Sunday, January 27, 2013

Population Dystopia in Fiction

Especially in science fiction, from time to time we see fictional characters coping with a population dystopia--- a demographic trend which causes widespread problems for the human race--- or for any other race you happen to be writing about.

Population dystopias come in two major types: the population bomb of overly high population growth and a demographic winter of falling birthrates, an aging population, and population shrinkage.

In near-future fiction, using either of these themes is sure to provoke extreme emotional reaction in people who have strong opinions on either of these demographic theories. In stories set in the far future or in fantasy world settings, you can hope that these reactions will be toned down.

The Population Bomb: I remember reading a copy of 'The Population Bomb' by Paul Ehrlich. His chilling prediction that high population growth would lead to famine in America and Europe by the end of the 1970s would have been even more compelling had I not been reading it in the late 1980s.

Harry Harrison's Make Room, Make Room is a science fictional treatment of the population bomb theme with the usual overcrowding/food shortage theme. This book was make into the movie Soylent Green, which added commercialized cannibalism into the mix. I still remember Charlton Heston running around screaming about soylent green being made of people.

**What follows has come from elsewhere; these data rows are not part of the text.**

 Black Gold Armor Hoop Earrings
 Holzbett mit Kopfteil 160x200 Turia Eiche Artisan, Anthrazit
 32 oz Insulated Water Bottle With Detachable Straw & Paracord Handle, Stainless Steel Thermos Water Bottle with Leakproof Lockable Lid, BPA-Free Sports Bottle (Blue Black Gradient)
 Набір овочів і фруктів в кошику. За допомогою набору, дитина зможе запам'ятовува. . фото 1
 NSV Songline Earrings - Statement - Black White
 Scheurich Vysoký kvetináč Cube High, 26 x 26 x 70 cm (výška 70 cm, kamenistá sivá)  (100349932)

In the book, of course, it was made of soy--- or perhaps soy and lentils, or some hybrid of the soybean and the lentil.

Orson Scott Card's book Ender's Game (a Hugo and Nebula award winner) has the population bomb as a minor theme. In Ender's world, governments forbid families to have more than two children. Excess children from non-complying families are not permitted in the schools (which all seem to be government schools). Ender's parents gave up their non-complying religious faiths--- Catholic and Mormon--- in order to get an education, but when the government asked them to have a third child because their first two were almost-but-not-quite what the government needed in a future military leader, they feel quite awkward about it.

Demographic Winter: This theme is not as widely used, though it can be found in a number of fantasy series featuring elves. The elven race is quite frequently seen as experiencing a demographic winter of falling birth rates.

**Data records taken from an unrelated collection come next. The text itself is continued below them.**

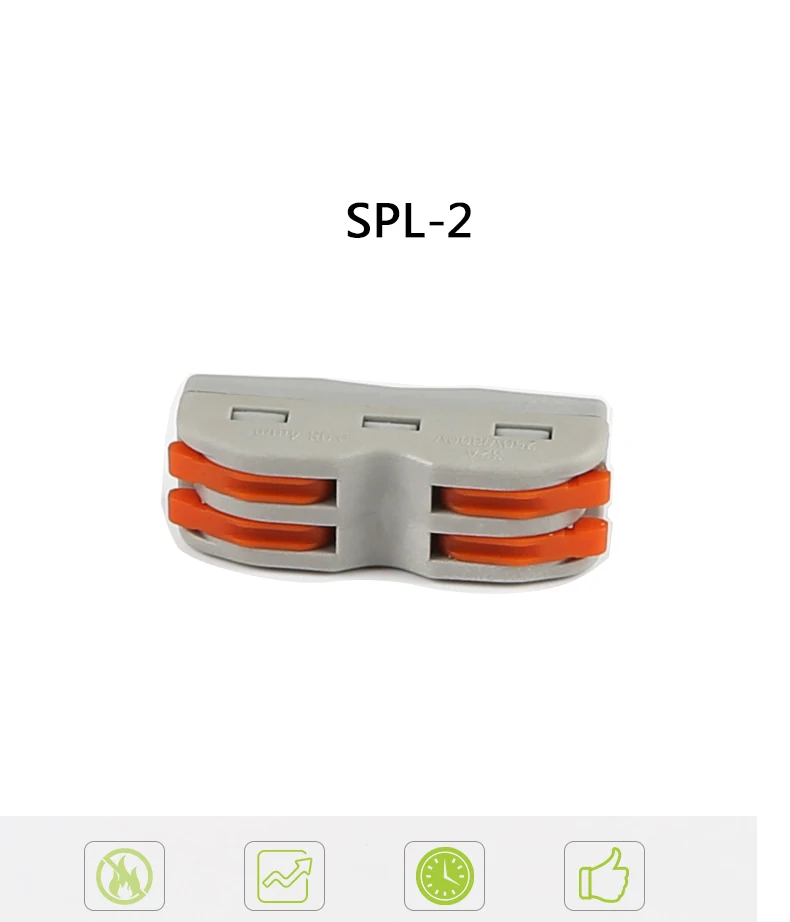 SPL-2 5 шт. 2pin 3pin 4pin 5pin 8pin светодиодные соединитель-проводник клеммный блок лампы компактный Универсальный разъем провода - Цвет: SPL-2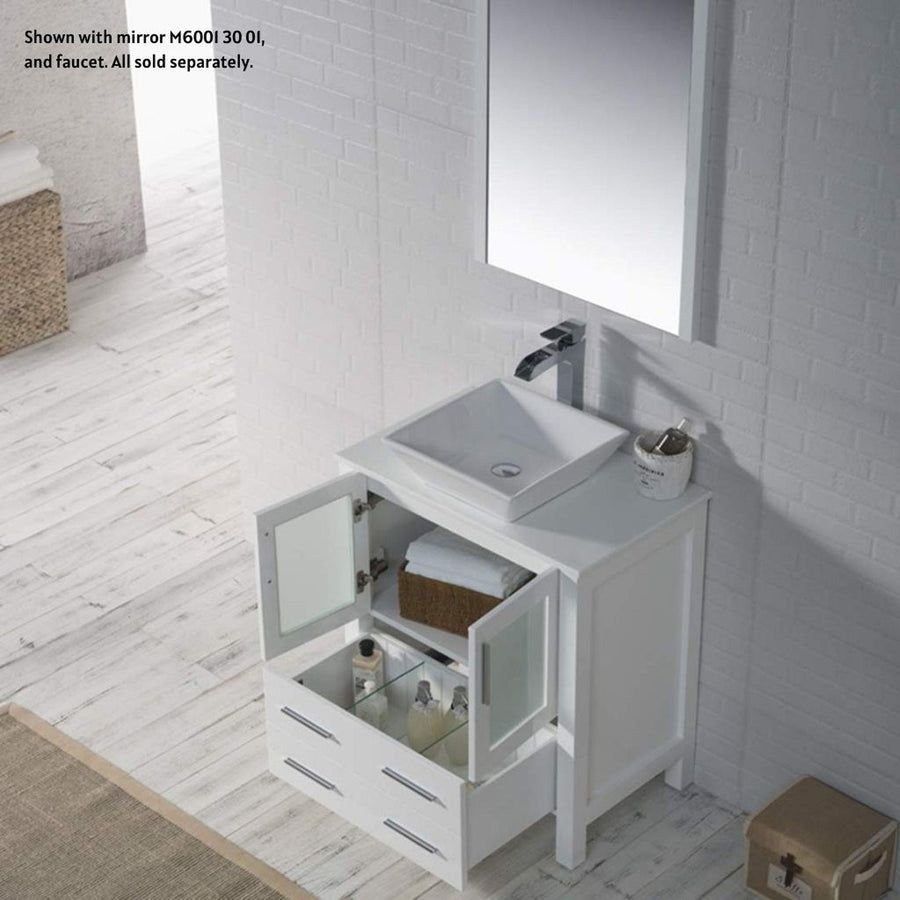 Bathroom idea with the Blossom Sydney 30" White Freestanding Vanity Set With Ceramic Vessel S, Blossom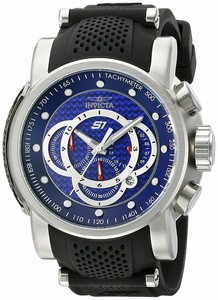 Invicta S1 Rally Blue Dial Chronograph Date Black Silicone Watch # 19320 (Men Watch)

For example, in Mercedes Lackey's elves-and-race-cars series, the elves are seen as cherishing and protecting abused children, often kidnapping such children from their violently abusive parents. The motive is given that elves cherish children because they have so few of their own. The common demographic winter concern of masses of elderly people needing care and few young people to give it is not shown--- the elves may all be over one hundred, but they seem like young people or at worst, middle aged. But it is obvious that the elves' adoption of abused children is a custom that would provide them with a substitute labor force to help them care for elderly elves when it got to the point there were not enough young elves for the job.

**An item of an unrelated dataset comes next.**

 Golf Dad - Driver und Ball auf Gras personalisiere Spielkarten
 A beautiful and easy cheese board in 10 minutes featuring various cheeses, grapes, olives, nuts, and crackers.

If you have read The Handmaid's Tale by Margaret Atwood you may have thought it a simple work of new-feminist polemic or of anti-Christianist bigotry. And those are indeed the reasons why the work is taught in schools as literature. But the book also contains a demographic winter theme.  The absurd walking stereotypes of a liberal's view of 'fundamentalists' (evangelical Christians) are experiencing a demographic winter caused by widespread infertility. The feminist heroine, as an enemy of the Gilead state who is a woman of proven fertility, is placed in a home as a 'handmaid'--- a household servant who is expected to bear a child to the household's master. I must applaud Miss Atwood for taking the trouble to create an actual motivation like this for her absurd Christian caricatures. A lesser writer wouldn't have troubled to think of a reason for them to do this evil other than 'that's how evil those Christians are'.  While I personally think Miss Atwood might have taken the trouble to actually meet and talk to a conservative Christian in person before writing this book in order to ground the Gilead characters in some faint semblance of reality, she did at least do enough of her homework in world building and in creating her main character to enable me to find the book not only readable but re-readable, in spite of the bigotry in it directed at my own faith.

Have you ever thought of using a population dystopia theme in your fiction? Was it a major theme of the work, or only a side issue? Did you make it close to the population concerns people have about the real world, or did you try to make it quite fictional and distinct from people's view of real-world population issues?